Adjournment Debate: British Legion Parade.

Yesterday I asked the Minister, in substance, why he had withdrawn from the members of the British Legion the protection which is accorded to minorities in this country by Article 40 of the Constitution, with special reference to paragraph 2 of Section 6 which says that:—

"Laws regulating the manner in which the right of forming associations and unions and the right of free assembly may be exercised shall contain no political, religious or class discrimination."

What is that right? That right is to combine for any lawful purpose, to assemble in public demonstration for any lawful purpose and to march peacefully, without unduly obstructing traffic, through the streets of any city or town for a lawful purpose. Were these citizens law-abiding men? I do not think there is anyone here who will challenge the fact that the members of that body, the British Legion, are, taken by and large, good citizens and law-abiding men, whether we agree with their political convictions or not. In any case the Minister believes that because, in the copious note I took of his replies to my supplementary questions yesterday, he said:—

"I never said these men contemplated a breach of the peace. The Deputy need not read that into my reply."

So there is common ground that they never contemplated any breach of the peace. Now, what was their purpose? Their purpose in marching from Smithfield to the Garden of Remembrance was to commemorate their dead. I do not think any section of the House, no matter how violently they may feel, will demur to any part of our community commemorating, with affection and with pride, comrades who are dead. I do not deny—rather I glory in the fact—that they walked publicly to renew their faith in the ideals for which their comrades died and for which they fought and were proud to see their children fight. I make no apology for submitting to this House the nature of that ideal, enshrined in glorious lines by one of them who died and who wrote these verses for his daughter on the threshold of his grave. Tom Kettle, facing a death which came upon him, wrote:

"In wiser days, my darling rosebud, blown

To beauty proud as was your mother's prime,

In that desired, delayed, incredible time,

You'll ask why I abandoned you, my own,

And the dear heart that was your baby throne,

To dice with death. And oh! they'll give you rhyme

And reason: some will call the thing sublime,

And some decry it in a knowing tone.

So here, while the mad guns curse overhead,

And tired men sigh with mud for couch and floor,

Know that we fools, now with the foolish dead,

Died not for flag, nor king, nor emperor,

But for a dream, born in a herdsman's shed,

And for the secret Scripture of the poor."

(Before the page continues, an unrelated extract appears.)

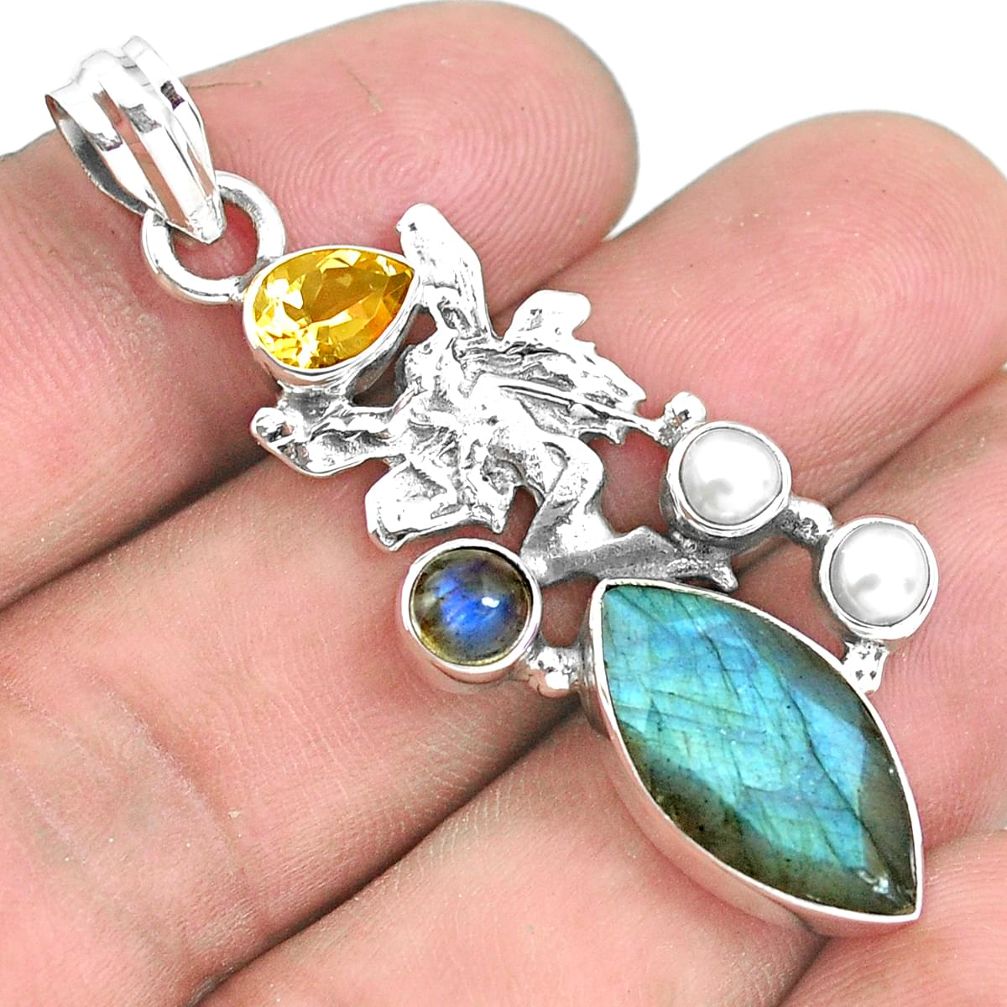 14.26cts natural blue labradorite 925 silver angel wings fairy pendant p38951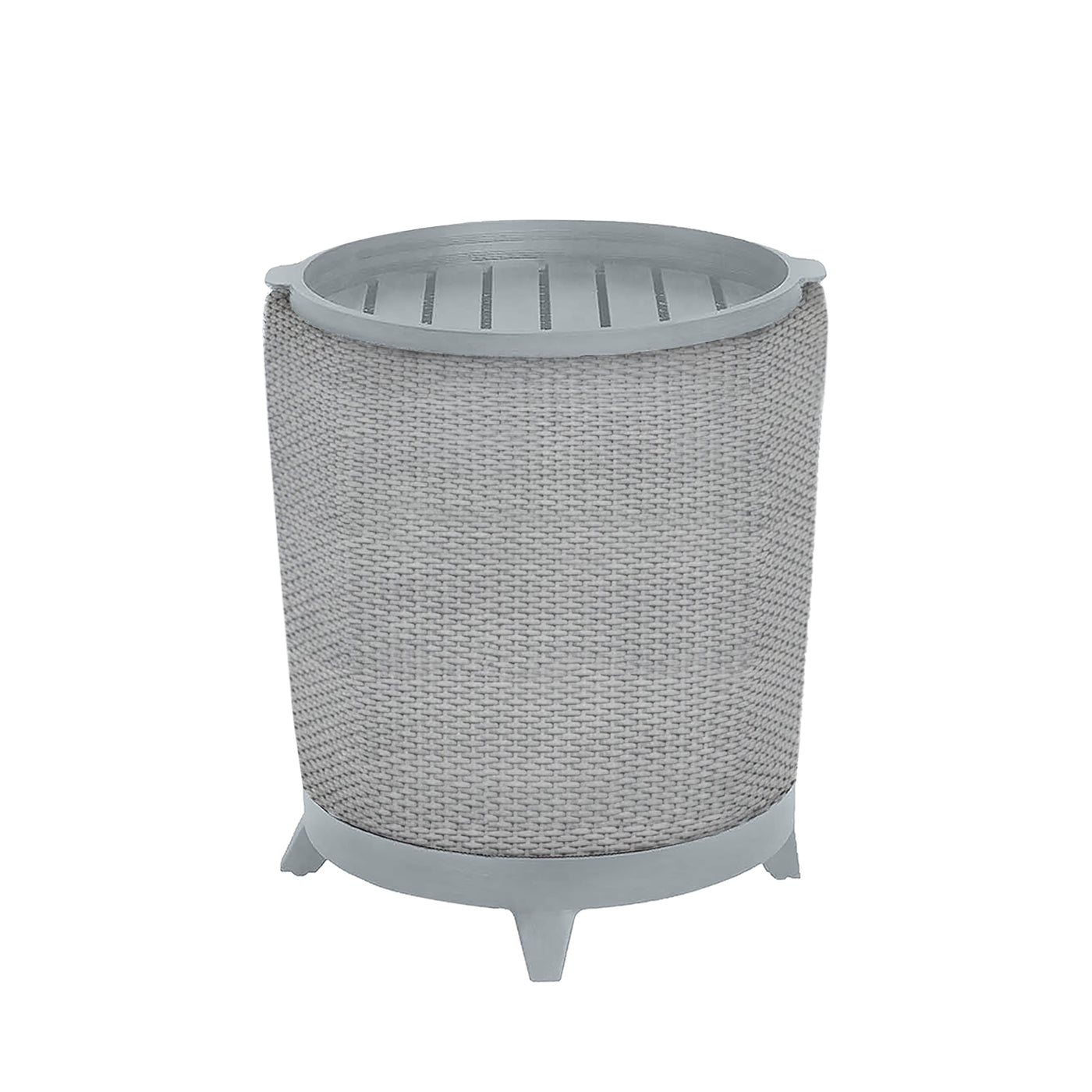 Halo Wicker Round Outdoor Pedestal End Table 2 2 In. W X 25.75 In. H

Have the men who marched to glory in that ideal anything to apologise for to their fellow-countrymen? I glory in the ideals that inspired those men. To me the names of Redmond and Kettle are as precious as the name of any Irish patriot who ever gave his life for Ireland. And I have a right to speak on that, for I come of people whose voices have been heard in the public life of this country, not for the last decade, but long before many of those who posture as the only patriots were heard or thought of.

Let this be the acid test. The Minister says that these men who marched had no intention of perpetrating any breach of the peace, but that the police spies in, presumably, illegal organisations, had warned him that there were persons who, in the event of these men peacefully and legitimately marching, would precipitate trouble. I ask the House to pause. If Taoiseach de Valera announced his intention of marching with the Fianna Fáil Party from Nelson's Pillar to Glasnevin lawfully and peaceably and within the terms of the protection provided by the Constitution, and ill-disposed persons announced that they intended to attack that procession and precipitate a breach of the peace, would the Minister for Justice issue, at the request of the Gárda authorities, an Order prohibiting Taoiseach de Valera from marching, or would he say to the Commissioner: "The Taoiseach and his supporters have a right peacefully to march, and if any persons challenge that right let all the forces of the State be deployed to prevent them from successfully challenging it"?

If he would do that for the largest political organisation in this country, why will he not do it for a minority for whom the Constitution was written? Powerful majorities do not require constitutional protection. They are able to fight their own corner. Constitutions are written to ensure that no matter how powerful executives may become or mobs may become, the full panoply of the State will always be deployed if the fundamental rights of the most powerless sections in the whole community are challenged.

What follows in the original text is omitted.